September 20 2015. Hendrie Valley, Burlington ON. I spent all of the daylight hours today on a bird survey, we started at daybreak, six-thirty, and stayed until the light faded well after sunset. Our task was to count all birds seen and heard from a single location. It was a rewarding and interesting day and I certainly slept well at the end of it. This exercise was part of a project we have put together called the Long Watch. To save me the laborious task of explaining the whole project here, it’s with considerable relief that I can now point anyone who wishes to read about it by following this link.
The upshot of it was that over a thirteen-hour period we saw fifty-three species and well over eleven-hundred individual birds. Our team was positioned on a small lookout platform between a string of large ponds, which are flanked by woodlands, and river flats; it is a very bird-rich area. At first light, when you could hardly make them out, the dark forms of forty or more Wood Ducks flew in wheeling and side-slipping to settle in the waters. Black Crowned Night Herons laboured past heading for their day-time roosts, and behind us an Osprey sat atop the remaining spike of a long-dead tree, I think it had been there all night, and when the sun finally warmed things up, it left for a while to catch a large gleaming and wriggling catfish which vigorously objected to being eaten.
The first rays of sun illuminated an ash tree which we found was hopping with Nashville Warblers and a Blue-headed Vireo, both very nice sightings. Around mid morning a pair of adult Bald Eagles passed heavily overhead to settle just out of sight in some tree tops. We were thrilled by a couple of Merlins, at least two Green Herons and day-long flights of Northern Flickers and Blue Jays.And so the day went on. There was a noticeable mid-afternoon lull but as the evening approached, somehow the birds came out again.

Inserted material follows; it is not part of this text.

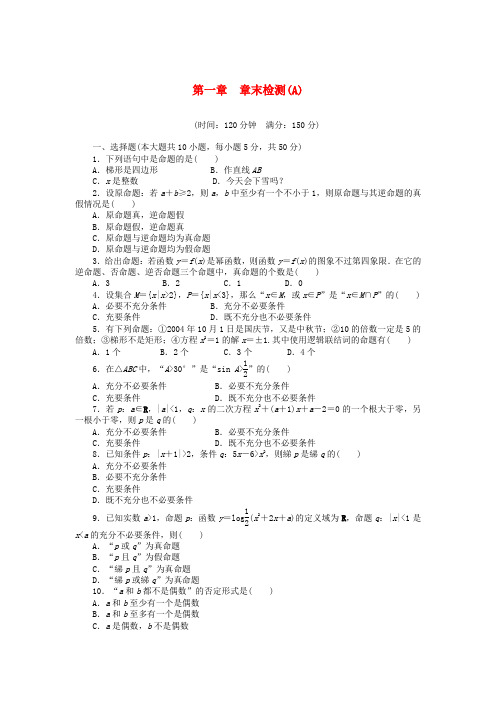 【步步高】高中数学 第一章 章末检测(A)新人教A版选修1-1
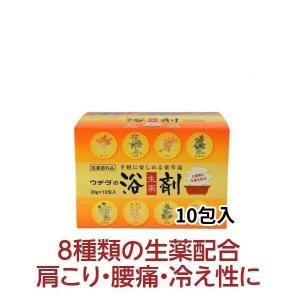 紅豆杉 雲南紅豆杉 30包 入浴剤 無着色 無香料 国家一級植物 こうとう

There were several birds that might qualify as Bird of the Day: An early morning Blue-headed Vireo, some Rusty Blackbirds and a heard-but-not-seen Carolina Wren. But I think an Osprey or two provided us with just the right level of dramatic spice to keep us entertained and somewhat awe-struck all day. They had a favoured perch just around the corner, out of sight and from there would periodically wheel into view, sometimes carrying a fish. In this first shot it is carrying something orangey-red, perhaps a goldfish.